Correlation

Correlation Test

Q→Q is different in the sense that both variables are quantitative, and therefore, as you’ll discover, this case will require a different kind of treatment and tools.

Let’s start with an example:

Highway Signs

A Pennsylvania research firm conducted a study in which 30 drivers (of ages 18 to 82 years old) were sampled, and for each one, the maximum distance (in feet) at which he/she could read a newly designed sign was determined. The goal of this study was to explore the relationship between a driver’s age and the maximum distance at which signs were legible, and then use the study’s findings to improve safety for older drivers. (Reference: Utts and Heckard, Mind on Statistics (2002). Originally source: Data collected by Last Resource, Inc, Bellfonte, PA.)

Since the purpose of this study is to explore the effect of age on maximum legibility distance,

the explanatory (X) variable is Age, and
the response (Y) variable is Distance

Here is what the raw data looks like:

Note that the data structure is such that for each individual (in this case driver 1….driver 30) we have a pair of values (in this case representing the driver’s age and distance). We can therefore think about these data as 30 pairs of values: (18, 510), (32, 410), (55, 420), … , (82, 360).

The first step in exploring the relationship between driver age and sign legibility distance is to create an appropriate and informative graphical display. The appropriate graphical display for examining the relationship between two quantitative variables is the scatterplot. Here is what the scatterplot looks like for this data:

Interpreting the Scatterplot

How do we explore the relationship between two quantitative variables using the scatterplot? What should we look at, or pay attention to?

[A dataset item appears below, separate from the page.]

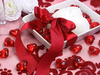 Kryształki SERCA CZERWONE 2 cm 15 szt. PartyDeco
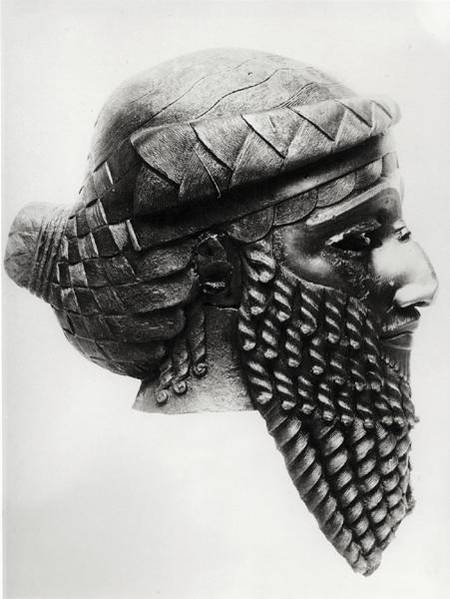Head of Sargon I (c.2334-2279 BC) 2400-2200 BC a Mesopotamian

Recall that when we described the distribution of a single quantitative variable with a histogram, we described the overall pattern of the distribution (shape, center, spread) and any deviations from that pattern (outliers). We do the same thing with the scatterplot. The following figure summarizes this point:

As the figure explains, when describing the overall pattern of the relationship we look at its direction, form and strength.

The direction of the relationship can be positive, negative, or neither:

A positive (or increasing) relationship means that an increase in one of the variables is associated with an increase in the other.

A negative (or decreasing) relationship means that an increase in one of the variables is associated with a decrease in the other.

Not all relationships can be classified as either positive or negative.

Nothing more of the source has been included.